BEGIN Data under study

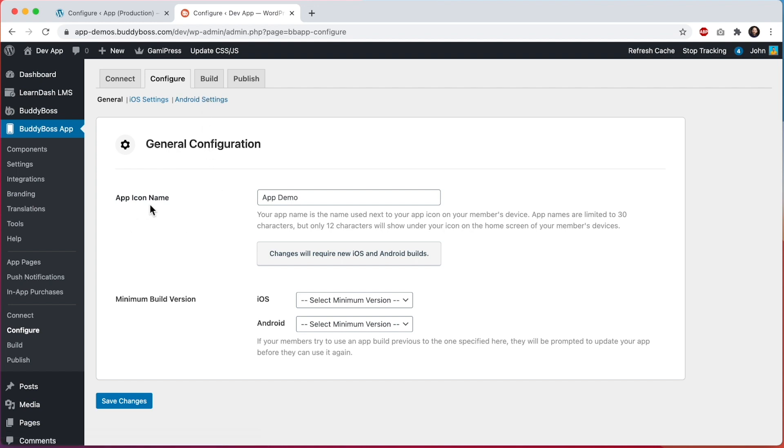This first option is for app icon name. This is the name that displays underneath your app icon on your device's home screen. It's also used in push notifications.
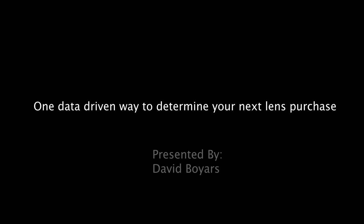My name is David and I'm going to give you a quick, data-driven way to help you make your next lens purchase.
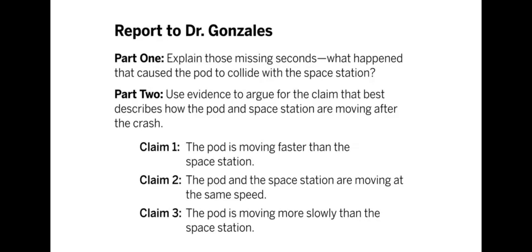Here's an outline for the report we're going to make for Dr. Gonzalez. Part one says: explain those missing seconds — what happened that caused the pod to collide with the space station? For part two, you're going to use evidence to argue for the claim that best describes how the pod and space station are moving after the crash. Claim one: the pod is moving faster than the space station. Claim two: the pod and space station are moving at the same speed. Claim three: the pod is moving more slowly than the space station. Part two is focused on comparing the motion of the pod to the space station after the collision.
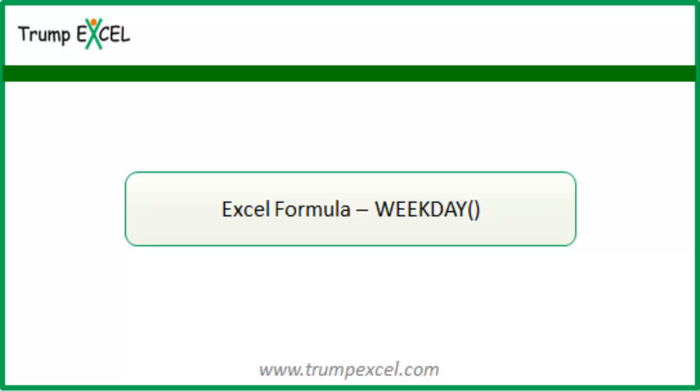Hello and welcome to the video by Trump Excel. I am Sumit Bansal and in this video I will show you how to use the WEEKDAY function in Excel.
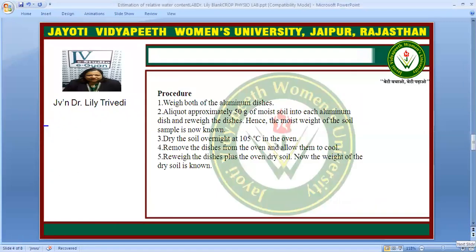Now, the procedure: we weigh two aluminium dishes and an aliquot of approximately 50 grams of moist soil in each aluminium dish is taken, then we re-weigh the soil to know the weight of the moist soil. Next, we dry the soil overnight at 105 degrees centigrade in the oven. In the morning we remove the dishes from the oven, allow them to cool, and re-weigh the dishes with the oven-dry soil to calculate the weight of the dry soil.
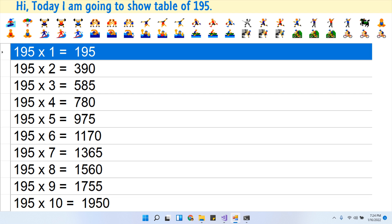195 × 7 jaw 1365. 195 × 8 jaw 1560. 195 × 9 jaw 1755.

END Data under study

All of the records above must be copied exactly, except for the pictures.

◆ Result of this exercise
This first option is for app icon name. This is the name that displays underneath your app icon on your device's home screen. It's also used in push notifications.
My name is David and I'm going to give you a quick, data-driven way to help you make your next lens purchase.
Here's an outline for the report we're going to make for Dr. Gonzalez. Part one says: explain those missing seconds — what happened that caused the pod to collide with the space station? For part two, you're going to use evidence to argue for the claim that best describes how the pod and space station are moving after the crash. Claim one: the pod is moving faster than the space station. Claim two: the pod and space station are moving at the same speed. Claim three: the pod is moving more slowly than the space station. Part two is focused on comparing the motion of the pod to the space station after the collision.
Hello and welcome to the video by Trump Excel. I am Sumit Bansal and in this video I will show you how to use the WEEKDAY function in Excel.
Now, the procedure: we weigh two aluminium dishes and an aliquot of approximately 50 grams of moist soil in each aluminium dish is taken, then we re-weigh the soil to know the weight of the moist soil. Next, we dry the soil overnight at 105 degrees centigrade in the oven. In the morning we remove the dishes from the oven, allow them to cool, and re-weigh the dishes with the oven-dry soil to calculate the weight of the dry soil.
195 × 7 jaw 1365. 195 × 8 jaw 1560. 195 × 9 jaw 1755.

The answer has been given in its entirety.